In full and exactly, please return the records, but keep out the pictures.

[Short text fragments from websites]

● ● ●

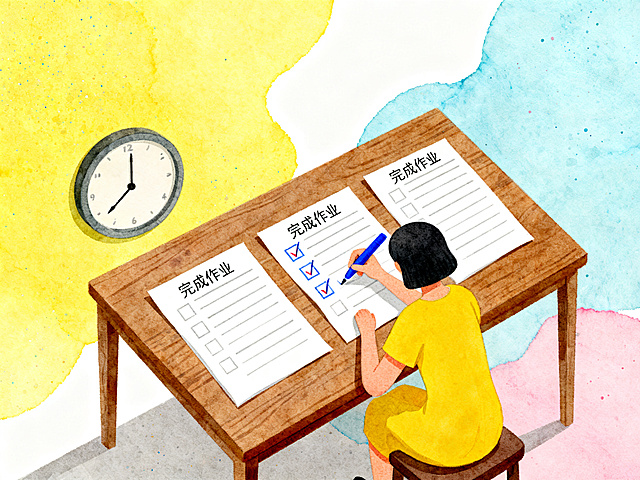 清新绘本风格，一个小人面前有三个待办事项的清单，小人正在给事项画勾勾，旁边有一个时钟但指针很慢，代表专注当下，简洁线条画风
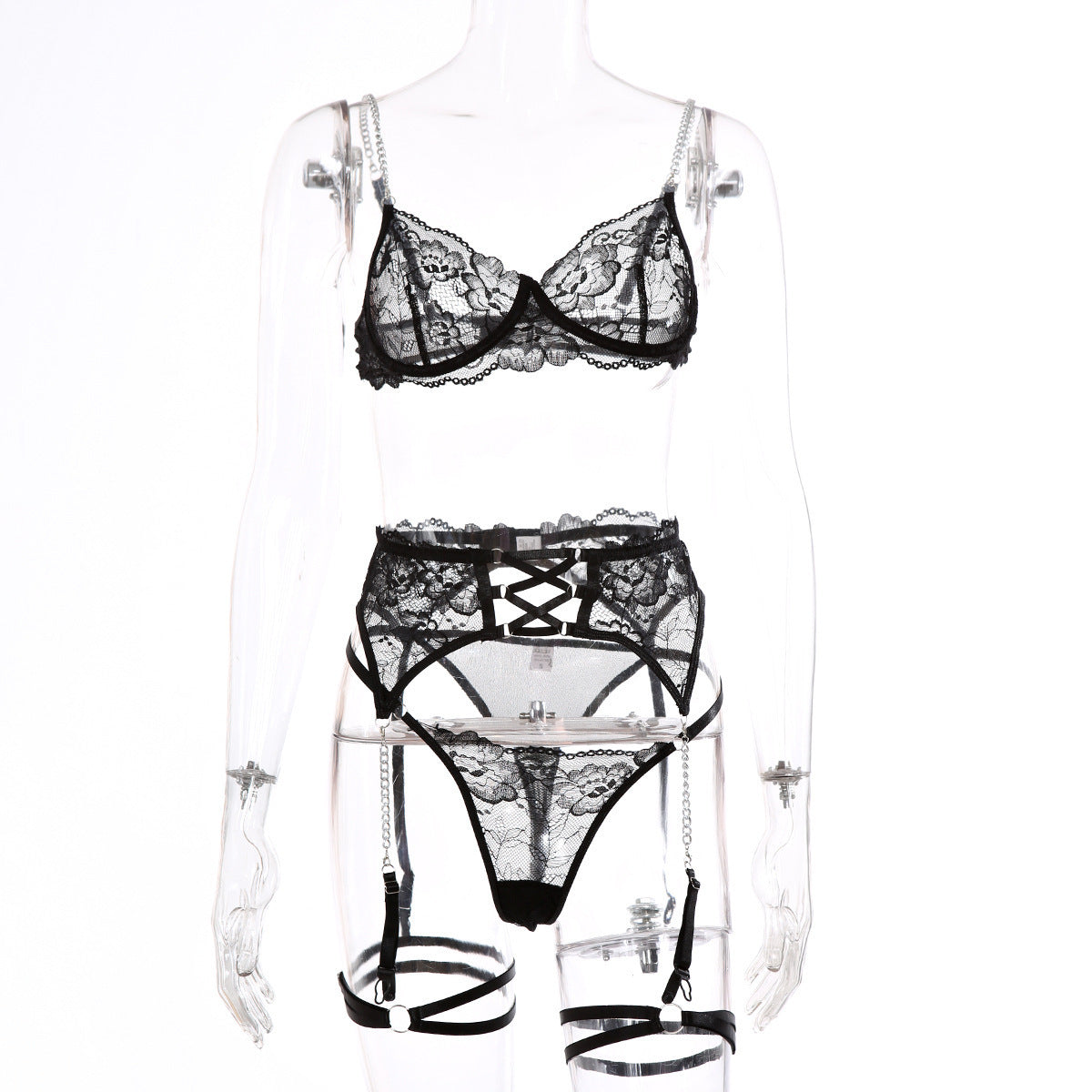 Daring Metal Chain 2 Piece lingerie Set - Donny's Angel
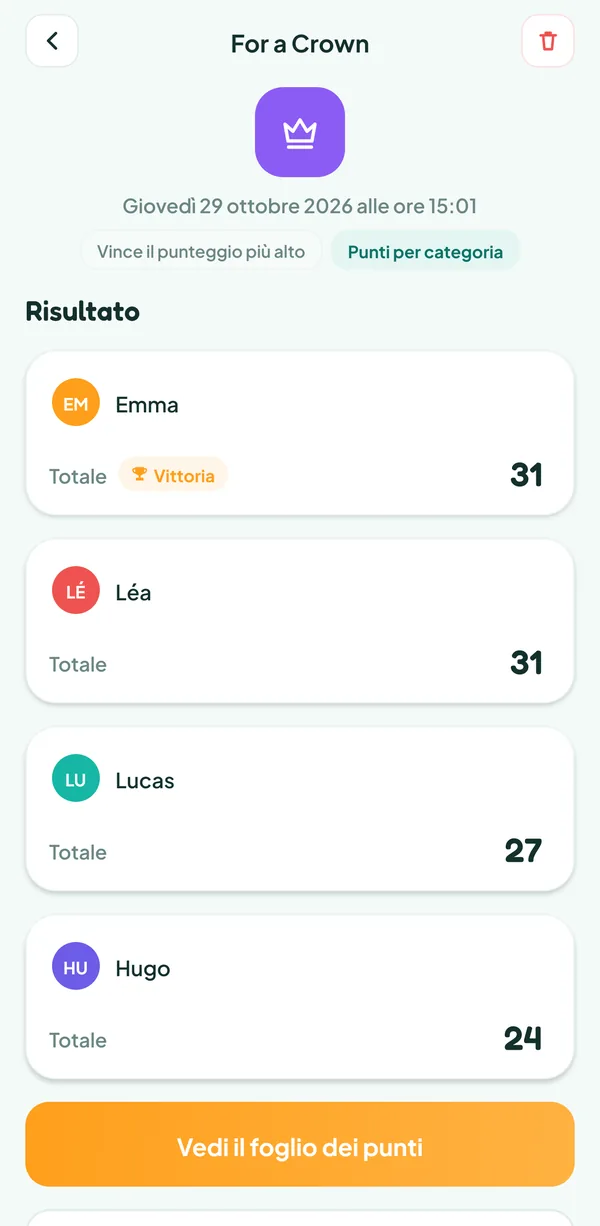 Schermata di Teamzy: la partita a For a Crown nella cronologia, vinta da Emma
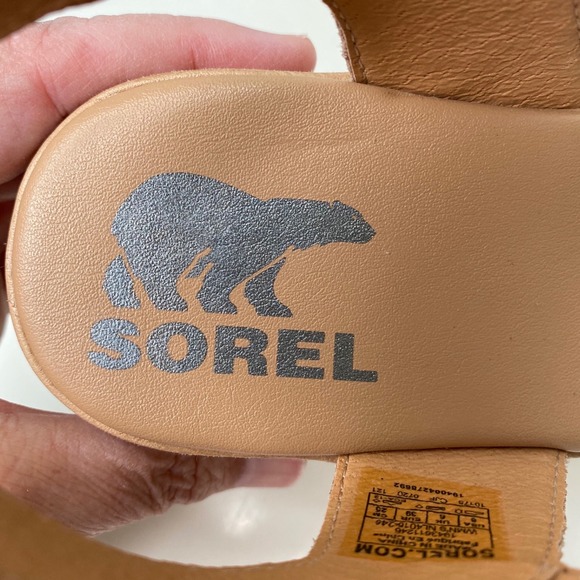 Sorel Cameron Flatform Leather Espadrille Sandals Tan Leather Hook & Loop Size 8 - Picture 8 of 11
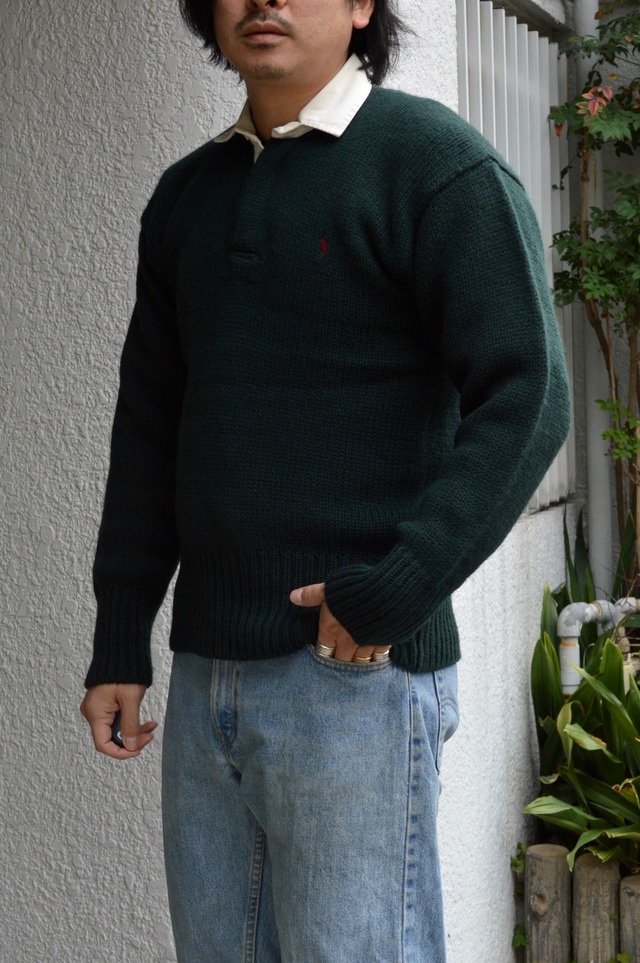 Polo Ralph Lauren 90s Wool Knit Rugger Shirts ポロラルフローレン 1990's ウールニット ラガーシャツ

● ● ●

*Exercise answer:*
 清新绘本风格，一个小人面前有三个待办事项的清单，小人正在给事项画勾勾，旁边有一个时钟但指针很慢，代表专注当下，简洁线条画风
 Daring Metal Chain 2 Piece lingerie Set - Donny's Angel
 Schermata di Teamzy: la partita a For a Crown nella cronologia, vinta da Emma
 Sorel Cameron Flatform Leather Espadrille Sandals Tan Leather Hook & Loop Size 8 - Picture 8 of 11
 Polo Ralph Lauren 90s Wool Knit Rugger Shirts ポロラルフローレン 1990's ウールニット ラガーシャツ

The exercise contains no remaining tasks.